Anche Aristotele considera i rapporti di amicizia in seno alla reciprocità. Egli ritiene che l’amicizia retta dal piacere e dall’utilità si conservano nel tempo solo se il vantaggio che se ne ricava viene ricambiato costantemente, al primo cedimento da una delle due parti, il legame si rompe. Questi tipi di amicizie sono superficiali, non consentono un adeguato approfondimento del proprio io, inibendo la possibilità che ci si formi una propria identità. Le amicizie nate per utilità o piacere spesso si trasformano in rapporto strumentale proprio perché nel proprio amico si vede solo il fine dei propri scopi.

 

“Nell’amicizia che aiuta alla costituzione della propria identità, ognuno conosce-ama l’altro come fine, né come mezzo né in base alle sue qualità o capacità, il che significa che conosce-ama l’altro come indipendente dai suoi bisogni, sentimenti o utilità. Nell’amicizia percettiva la base non sono le attività realizzate insieme e neanche il piacere o l’utilità che si condividono, ma l’amico in quanto tale; solo così non c’è il pericolo che il rapporto scivoli verso una mutua dipendenza strumentale”.

 

Ciò che rende duratura e di vero valore l’amicizia è la virtù: essa è necessaria e utile a se stessi e all’amico.
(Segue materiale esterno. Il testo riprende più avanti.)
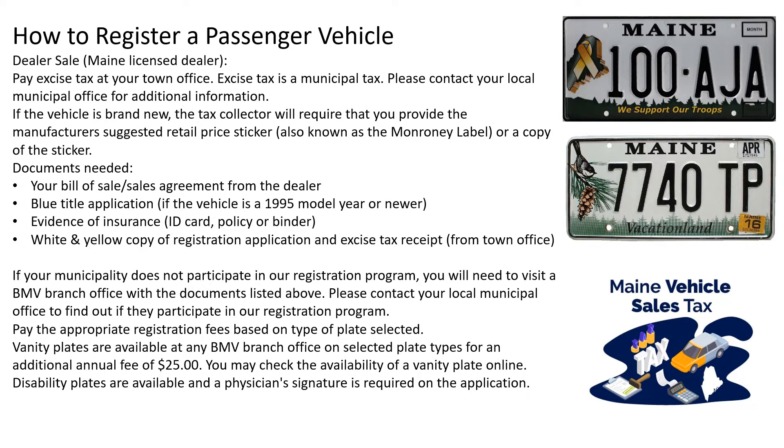How to register a passenger vehicle — dealer sale. We start with a Maine licensed dealer. You pay the excise tax at your town office. Sometimes at the dealer they have things that will help you do it right there. Excise tax is a municipal tax; please contact your local municipal office for additional information. If the vehicle is brand new, the tax collector will not require that you provide the manufacturer's suggested retail price sticker, also known as a Monroney label or a copy of the sticker.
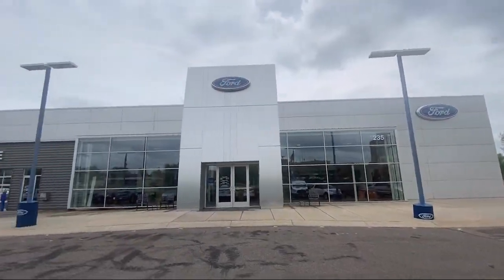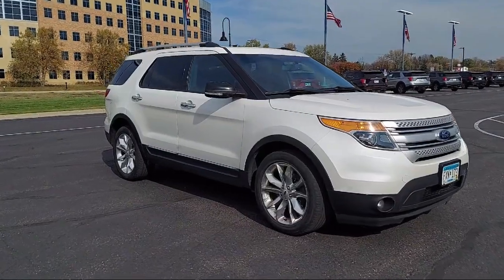Welcome to Waconia Ford, and here's a look at another one of our great vehicles from our inventory.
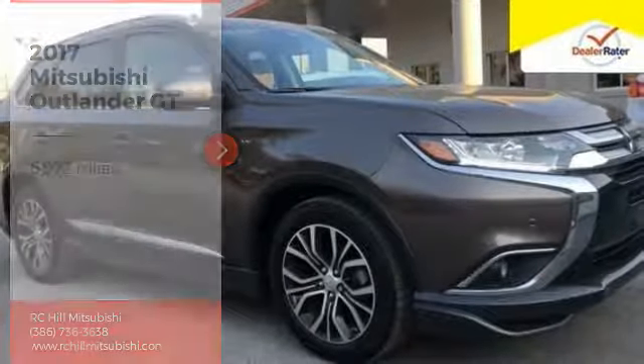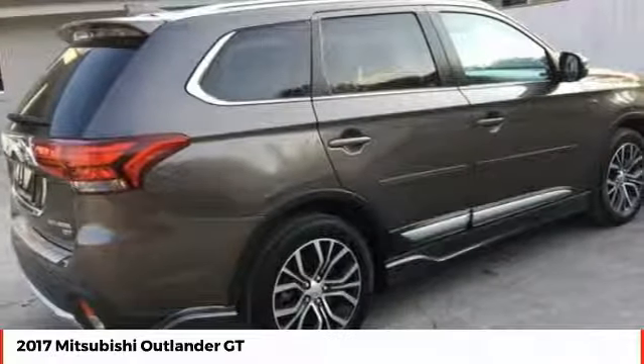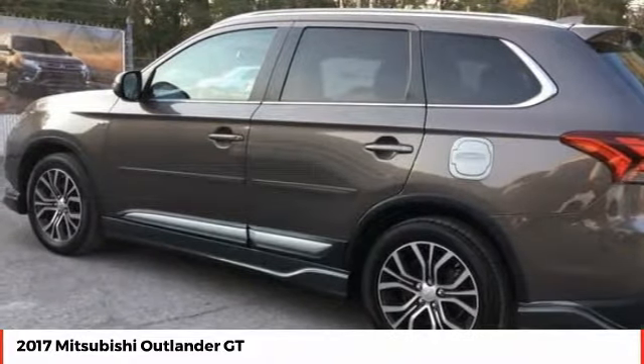Make a great choice today with the 2017 Outlander. A versatile crossover with power to spare, Outlander boasts an upgraded level of interior comfort and advanced technological features to give you control over every element of your drive.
La virtù è l’unica arma a disposizione per contrastare efficacemente i vizi e gli egoismi.

 

“L’amicizia richiede la virtù perché gli amici devono far crescere il legame,

sfidando i pericoli che i mutamenti introdotti dal tempo o dall’allontanamento fisico portano con sé”.

 

A. Malo, a ragione, pone un quesito interessante:

 

"Come è possibile aiutare l’altro a crescere in identità quando noi stessi abbiamo bisogno di aiuto?"

 

Spesso, infatti, capita che la conoscenza di sé stessi risulta essere un’impresa assai ardua perché impedita da superbia, autoinganno. L’amicizia virtuosa può, al contrario, spalancare le porte verso l’altrui, il diverso scoprendo la propria identità e unicità, rendendoci sicuri per affrontare il cammino della propria conoscenza. Qui entra in gioco la fiducia, un patto non scritto che lega incondizionatamente che fa accettare quanto si comunica come unica verità. Si realizza, in questo modo, una vera unione profonda, intima che fa condividere affetti, gioendo e soffrendo in comune, al riparo da diffidenza  e sospetto.

 

L’amicizia è un dono, un ricco e gratuito dono, occasione insostituibile di crescita.

 

“Donare è dare se stessi, cioè accettare l’altro come egli è, aiutandolo,

mediante il rispetto della sua identità e la fiducia che si ha in lui, ad essere se stesso. La donazione appare così in vero atto generatore dell’identità personale,

in quanto conduce a maturazione negli amici delle potenzialità che senza l’atto

di amicizia non sarebbero state ridestate, perché solo l’emergere dell’altra persona, della comunicazione della sua intimità, e del suo aiuto le hanno reso possibili”.